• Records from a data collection
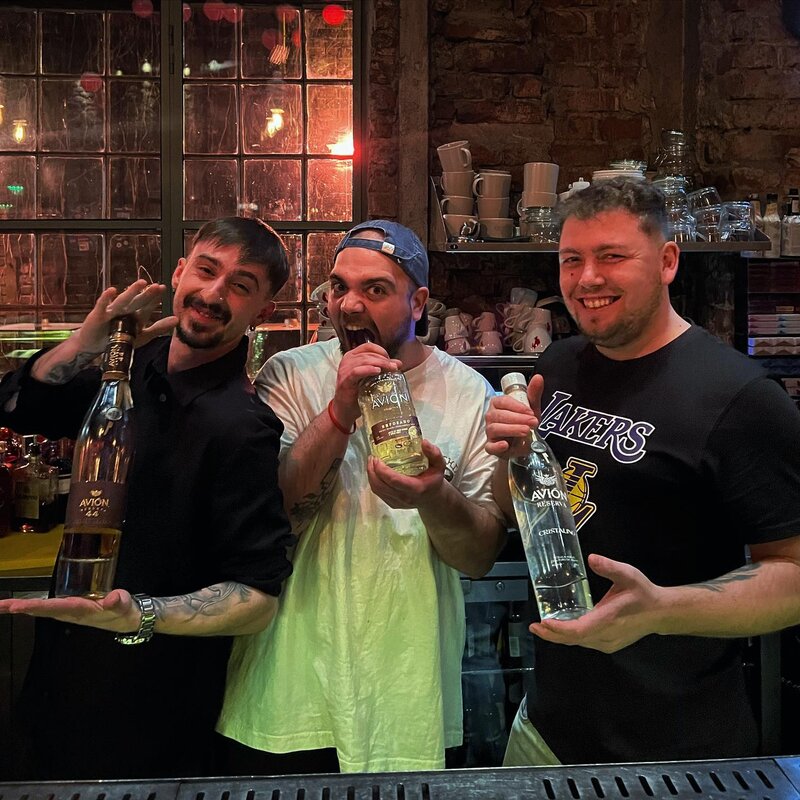 Expirat Halele Carol angajeaza ajutor barman si debarasator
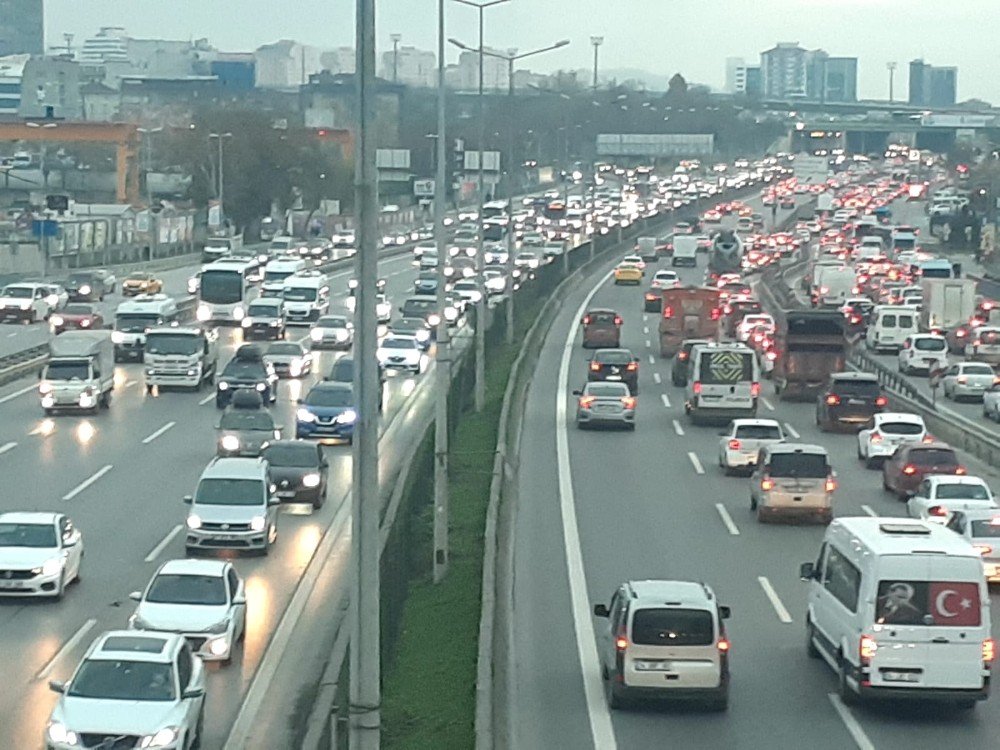 İstanbulda Kısıtlama Öncesi Trafik Yoğunluğu Rekor Seviyede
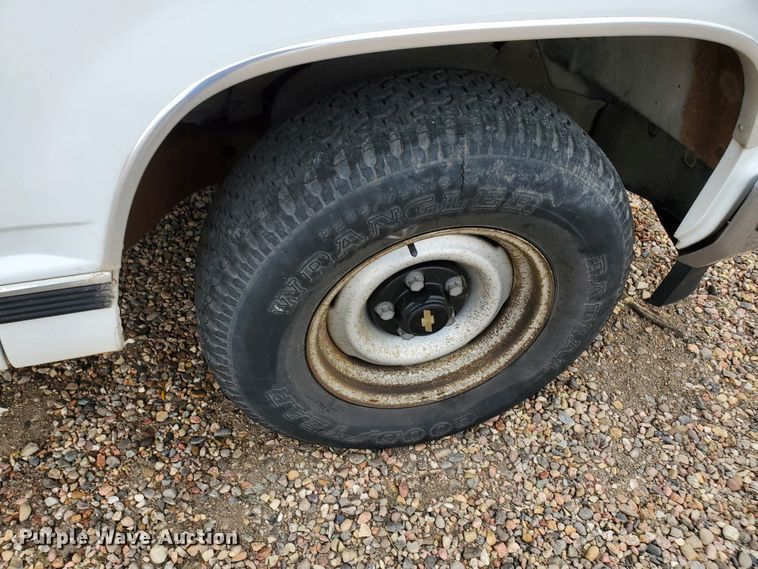 image for item HK9223 1996 Chevrolet Suburban C1500  SUV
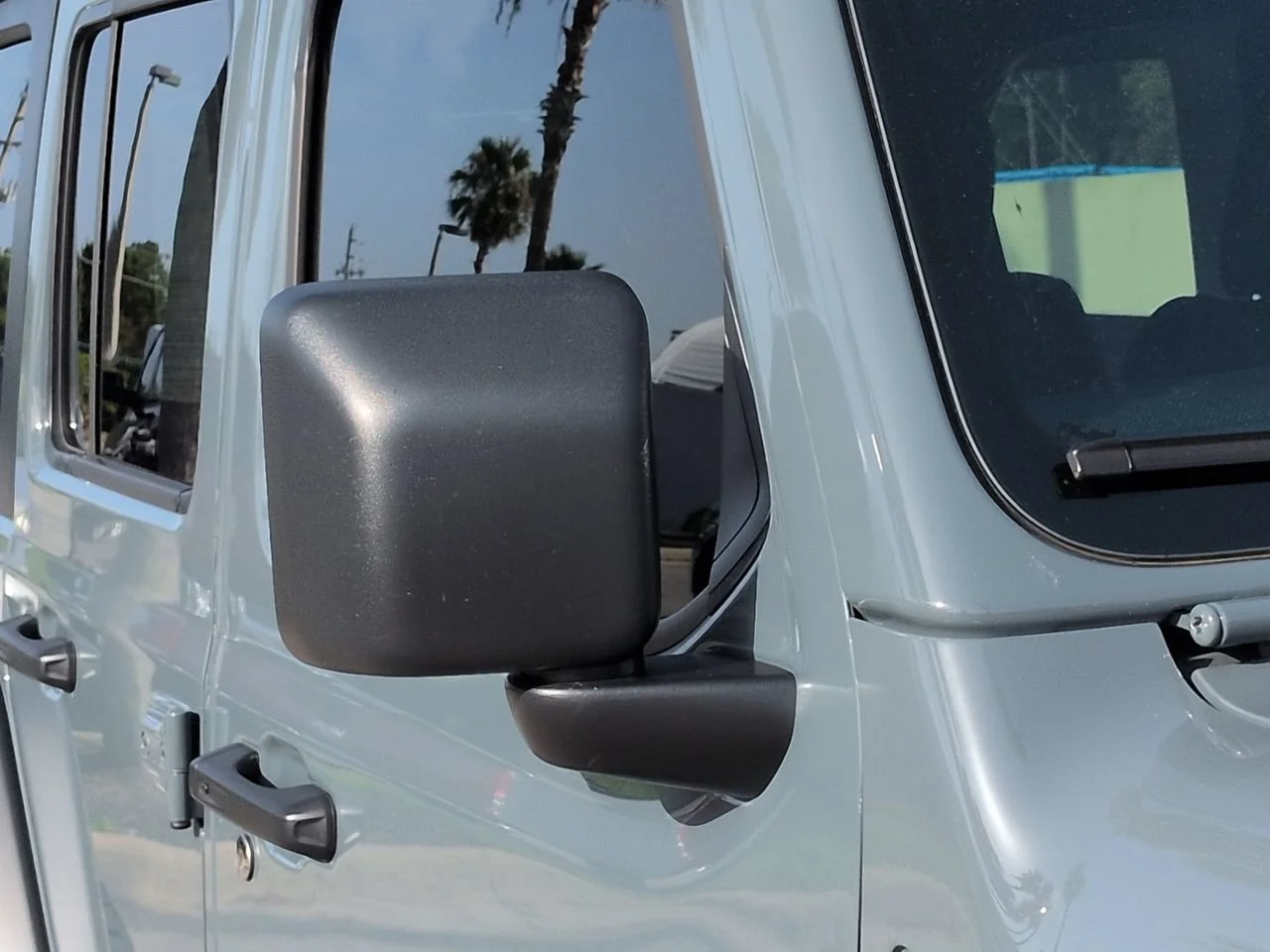 Used 2025 Anvil Clearcoat Jeep Sport S image 11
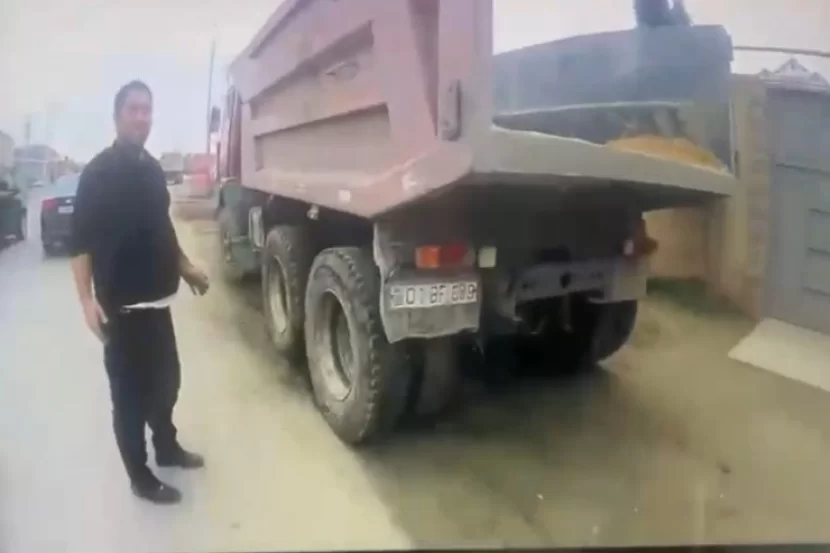 \"Kamaz\" sürücüsü özünə xəsarət yetirib polisə şər atdı - ANBAAN VİDEO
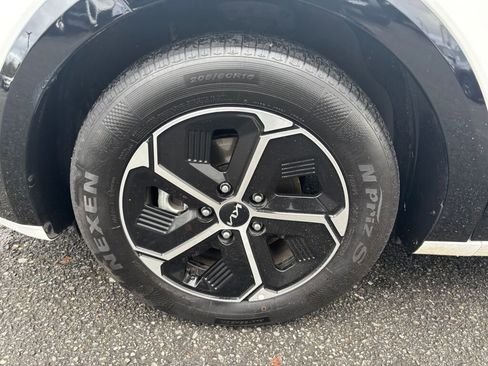 Certified 2023 Kia Niro SX image 9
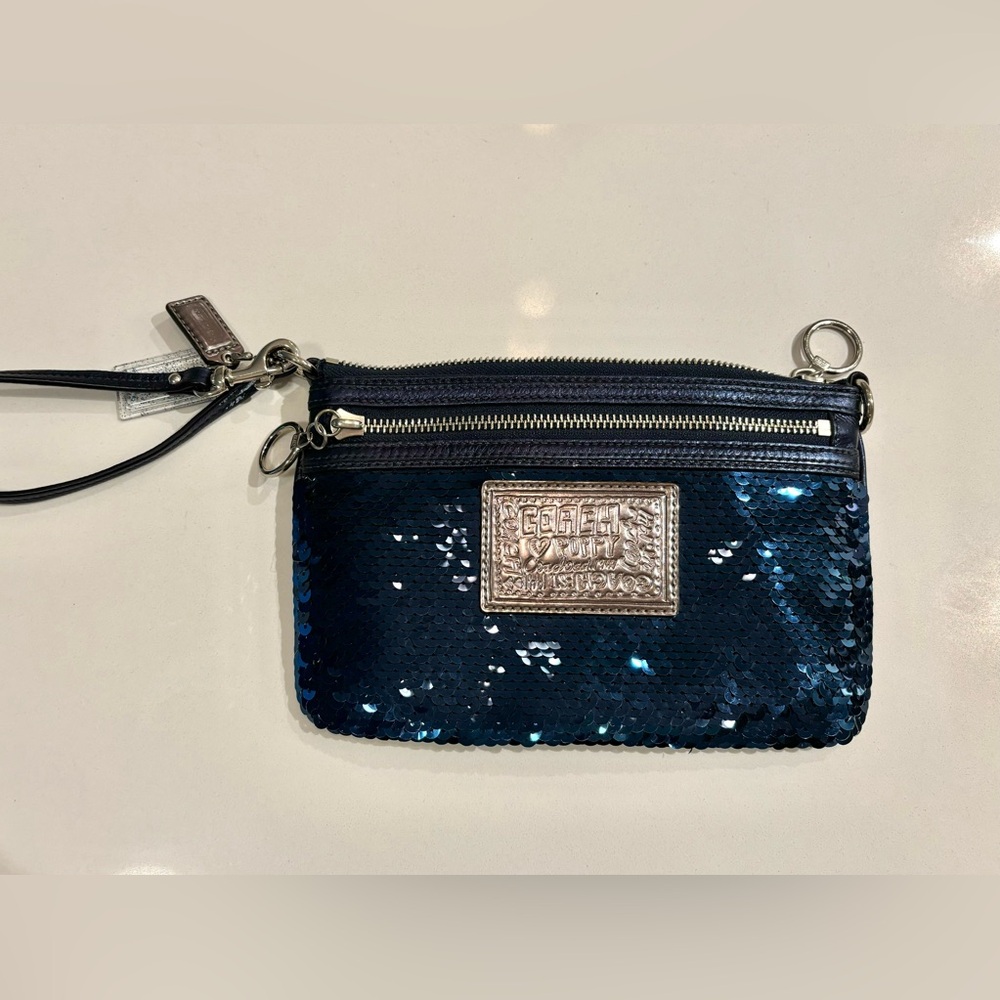 Coach poppy wristlet/mini shoulder bag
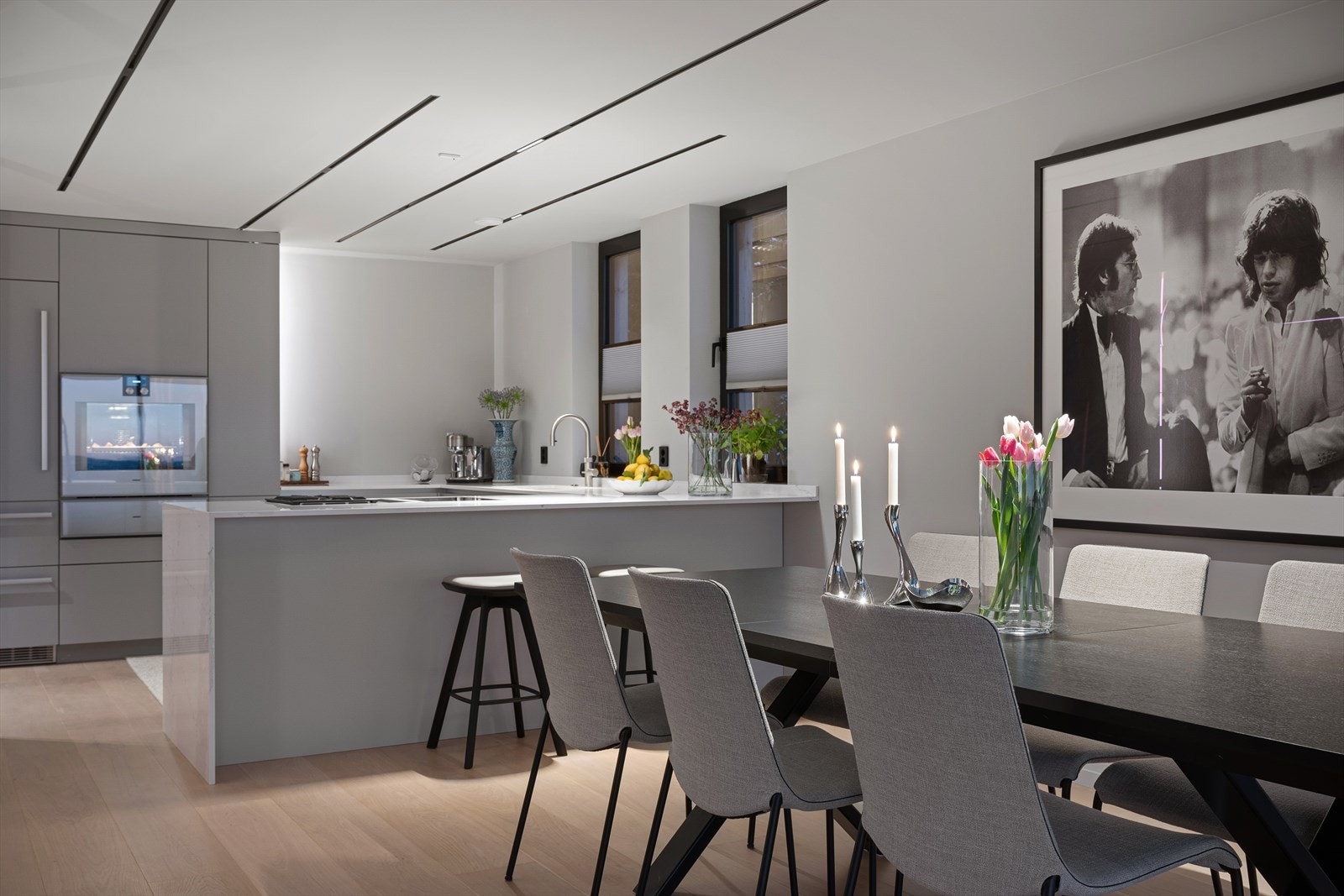 Boligen er betydelig påkostet med blant annet hvitevarer fra eksklusive Gaggenau, ledstriper innfelt i tak og spesialbygde baderomsmøbler for å trekke frem noe Galleribilde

• Required action
Print the lines from the beginning of the records up to and including the line containing "Coach poppy wristlet/mini shoulder bag", word for word, with no pictures.

• Response for this exercise
 Expirat Halele Carol angajeaza ajutor barman si debarasator
 İstanbulda Kısıtlama Öncesi Trafik Yoğunluğu Rekor Seviyede
 image for item HK9223 1996 Chevrolet Suburban C1500  SUV
 Used 2025 Anvil Clearcoat Jeep Sport S image 11
 \"Kamaz\" sürücüsü özünə xəsarət yetirib polisə şər atdı - ANBAAN VİDEO
 Certified 2023 Kia Niro SX image 9
 Coach poppy wristlet/mini shoulder bag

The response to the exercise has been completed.